La historia no oficial dirá que esta recesión se originó en la baja competitividad, la oficial, a su vez señala con el dedo al único malo de la película: el gasto público. Su óptica fuertemente ideologizada, impide a la coalición de gobierno en Uruguay ver la realidad. Convoca a los sectores productivos empresariales, arengando: ¡el enemigo es el Estado que gasta mucho por su fuerte presencia en la economía y por su burocracia! Y sobre esa premisa y con la misma (falta de) lógica, se continúa levantándose el edificio neoliberal: tan alto nivel de gasto lleva al aumento de la presión fiscal sobre la producción o al déficit. Ergo, se justifican las privatizaciones o ajuste del gasto social y/o el aumento de la presión fiscal sobre las capas bajas.
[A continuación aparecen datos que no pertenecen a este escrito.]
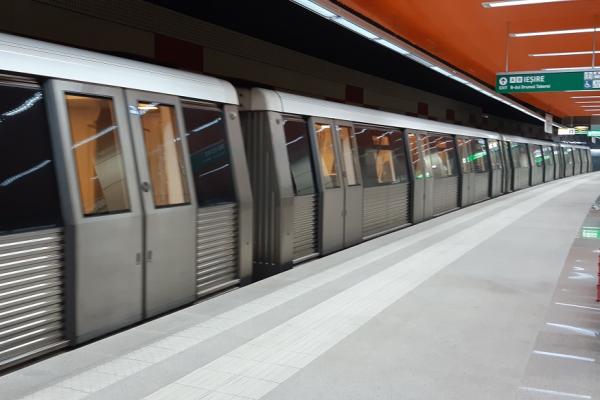 Bilet unic în Bucureşti pentru metrou, autobuz şi tramvai, de la 1 august
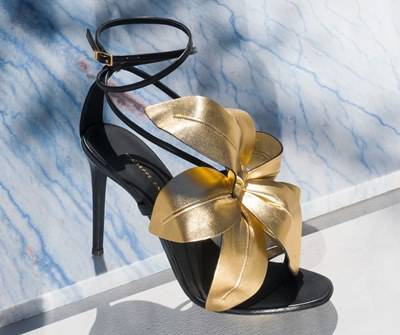 洗練と色気の”ジュゼッペ・ザノッティ”超絶技巧のスペシャル仕上げ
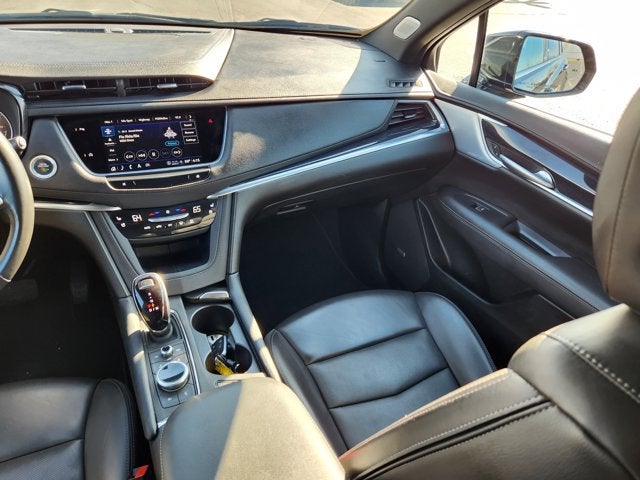 2024 Cadillac XT5 AWD Premium Luxury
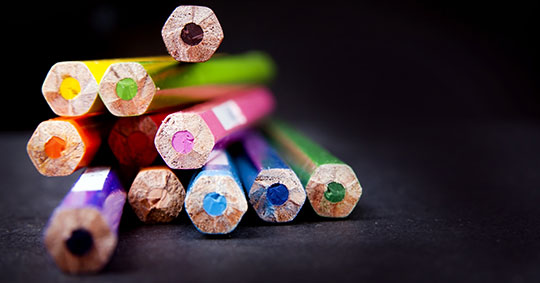 10 самых популярных техник дизайна логотипов 2016 года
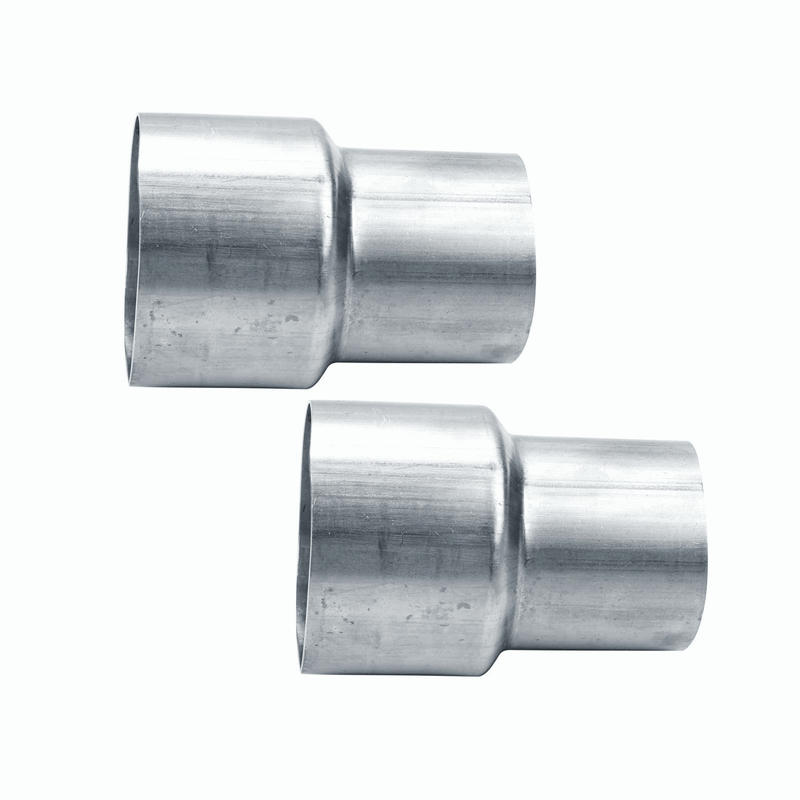 2” ID to 2.5" 2 1/2” ID Exhaust Pipe Tube Adapter Reducer Universal New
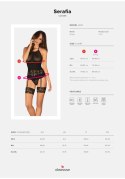 Gorset Serafia XS/S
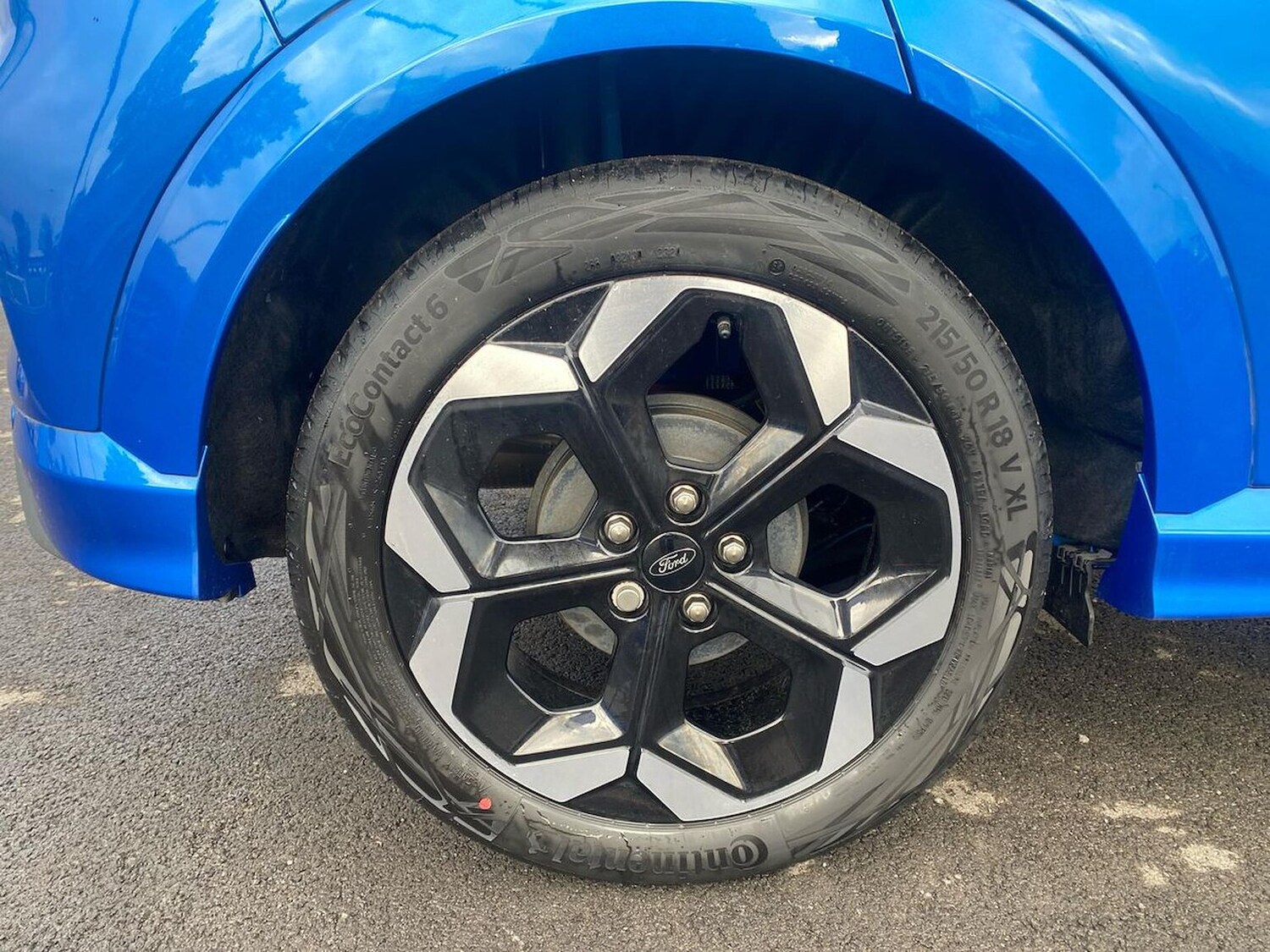 Used Ford Puma 2025 for sale - 76324666: Photo 6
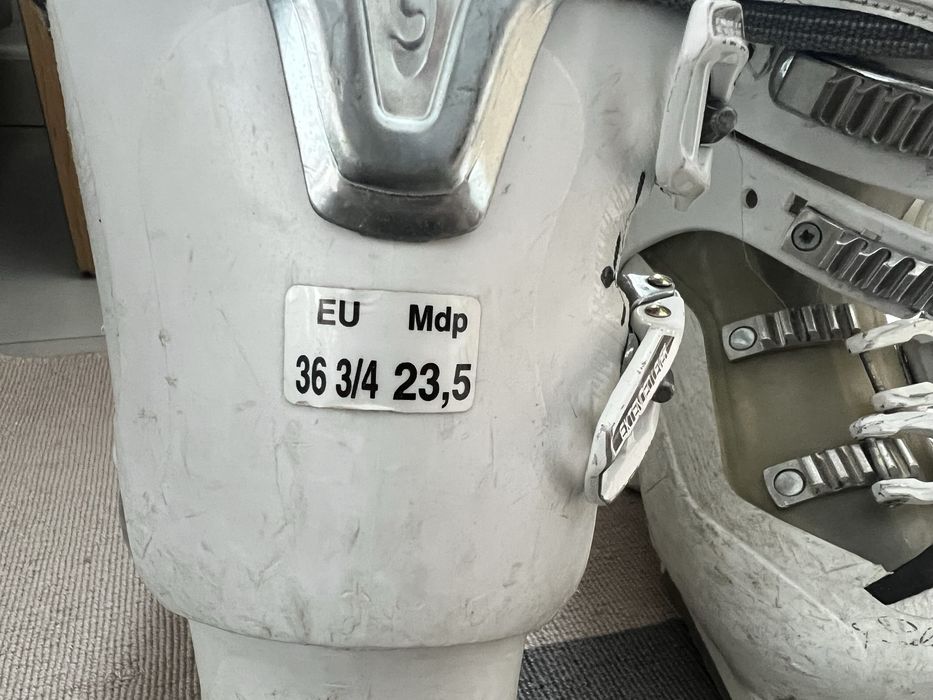 Buty narciarskie Salomon 36 3/4 / 23,5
Parece que de pronto las clases sociales nuevamente existen o renacen en la concepción neoliberal.
El dogma dice que el Estado "no debe gastar mucho en inversiones", lo cual además de ser una contradicción semántica, descarta neciamente la aplicación de políticas anticíclicas para enfrentar la recesión. Indica, asimismo, que se restrinja el gasto en el área social, sin reparar el daño en los programas de salud, educación, vivienda, etc. En Argentina, fue patético. Con la ley de "Déficit Cero" se llegó a extremos impensados. La prioridad se había establecido en el pago de los intereses de la deuda pública, relegando las inversiones y lo social. Esta concepción descarnada, que fuera especialmente apoyada desde Uruguay por el Partido Colorado, chocó violentamente con la restricción más importante de todas: la restricción social.
Es sorprendente, además, que todas las preocupaciones se dirijan al déficit fiscal, olvidando los déficit externos, que en la actual coyuntura uruguaya se agravarán. Por nuestra parte, como diferimos en el diagnóstico, no nos afiliamos a la cultura del ajuste fiscal permanente. Esta es como tirar agua fría en un recipiente con agua hirviendo, sin apagar el fuego en su base. En nuestra comparación, el agua hirviendo es el déficit fiscal, el fuego en su base es la falta de competitividad y el agua fría son las medidas de reducción del gasto público o de aumento de los impuestos, pudiendo llegar a la privatización de las empresas públicas. El caso argentino ilustra claramente lo que ocurre cuando el agua fría se termina.
El ministro Bensión calificó de voluntaristas nuestras propuestas incluidas en el plan de reactivación y emergencia social, que sin embargo mantienen plena vigencia en las actuales circunstancias. Pero ¿algo fue más voluntarista que el acuerdo del 9 de noviembre de 1999 entre el presidente Jorge Batlle y el ex presidente Luis Alberto Lacalle (en medio de la campaña para la segunda vuelta electoral)? En él se prometieron mejoras a diestra y siniestra, en medio de un déficit fiscal del cuatro por ciento del PIB. En buen romance, para ganar las elecciones comprometieron aumentos en el gasto público al mismo tiempo que proclamaban que no aumentarían más los impuestos ni devaluarían el peso uruguayo. A poco más de dos años del sonado episodio el gobierno de coalición no cumplió ni con la mitad de lo que prometió, implementó más de ocho impuestos nuevos, todos de carácter regresivo y además terminó devaluando la moneda.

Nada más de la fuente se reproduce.